Rebecca Annesley, an Indiana native, had always wanted to live in a big city. But after university, the economic downturn and high costs of living made moving to a metropolis like San Francisco or Manhattan a near-impossible feat.
“I had studied abroad in Madrid and was counting down the seconds until I could move back. Spain’s capital has all the excitement of a big city, like endless cultural offerings and a trendy food scene, but also has a small-town feel that’s comforting when you’re living far from home,” Rebecca explains. Plus, after harsh Indiana winters, Rebecca was ready for Madrid’s almost year-round sunshine.

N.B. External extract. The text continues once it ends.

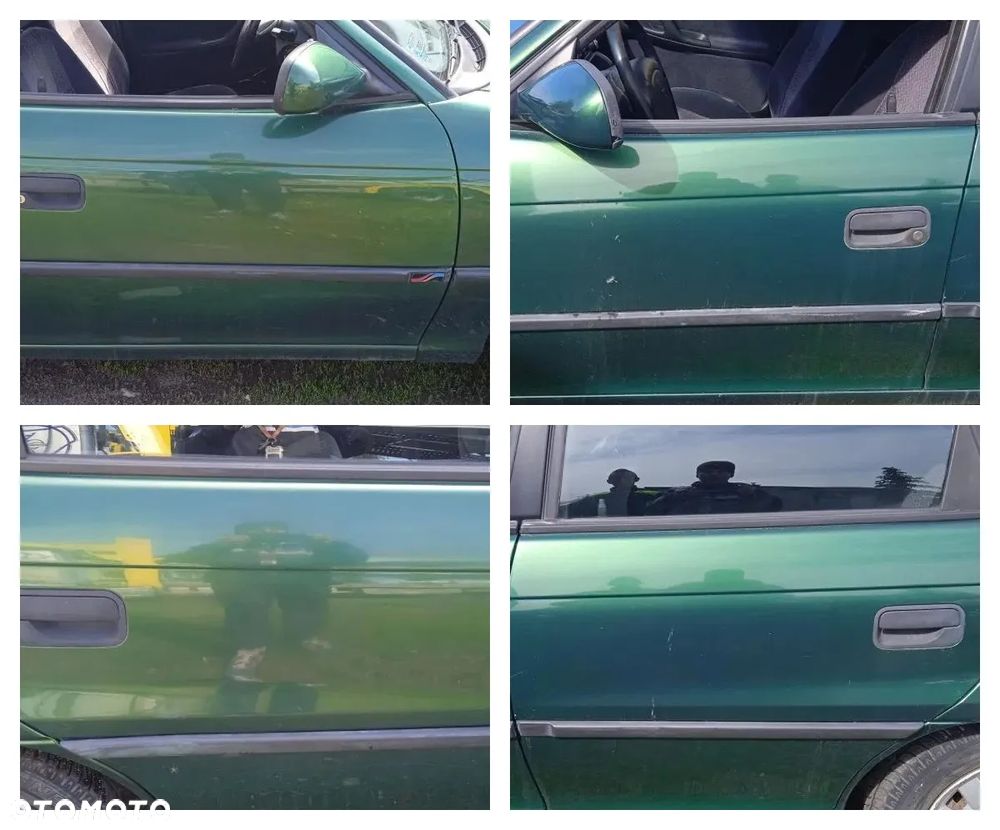 Prawe lewe Tylne przednie Drzwi Opel Astra I Z369 - 1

Rebecca is able to live the good life in Madrid using an income opportunity that sees her working just 25 hours per week. She didn’t need any prior experience—just a university degree, a solid grasp on the English language, and a positive attitude. “I never thought I would end up earning this way and I didn’t have any prior experience,” Rebecca says. “But I really enjoy being able to interact with other expats, as well as local Madrileños (Madrid natives).”
“My life in Madrid is stress-free and relaxing,” Rebecca says. She has the best of both worlds: a solid job with a salary (you can earn between $1,100 to $1,500 per month) that allows her to live comfortably, while also having enough holidays and vacation time to explore Spain, and travel Europe.
For a one-bedroom apartment and utilities in Barrio de Salamanca, an upscale, residential neighbourhood in Madrid, Rebecca pays just $800 per month. After several years in Madrid, she’s still surprised at the low cost of living, especially for fresh food. “I contribute my good health, to a Mediterranean diet with plenty of olive oil, seafood, and fresh fruits and vegetables—and for a fraction of the cost it would be to eat organic and healthy in the U.S.,” she says.
Unlike many large capitals around the world, it’s easy to do drinks and dinner on a budget in Madrid. “I love frequenting the many small wine bars and taverns scattered around the city with friends. A typical evening of tapas and wine on an outdoor terrace (evening temperatures are mild in Madrid most of the year) can cost as little as $14 per person—think heaping plates of patatas bravas, steaming hot croquets, and roasted shishito peppers delicately sprinkled with sea salt.”
Each day, she strolls along tree-lined streets and through bustling historical squares to hop on the subway. At less than $2 per ride, it’s an economical and easy way to get around. She enjoys the freedom of not having to own a car, pay to park it, or drive in the big city.
Rebecca even gets to head home for lunch on weekdays. “I’ll typically stop for a fresh baguette—about 25 cents at my local panadería (bakery), and then pick up some free-range chicken or a salmon filet and veggies at the supermarket for a couple of euros.” Occasionally, her two-and-a-half-hour lunch break includes a light siesta too.
Now that Rebecca is settled in Madrid, she has no plans to live elsewhere. “There’s only one city in the world where I can spend the morning strolling in the Retiro Park, wandering through rose gardens to the sounds of chirping birds, eat a three-course lunch with wine for under $14, and enjoy an afternoon perusing classical Francisco Goya paintings at the Prado Museum,” she says. “I never want to live anywhere else.”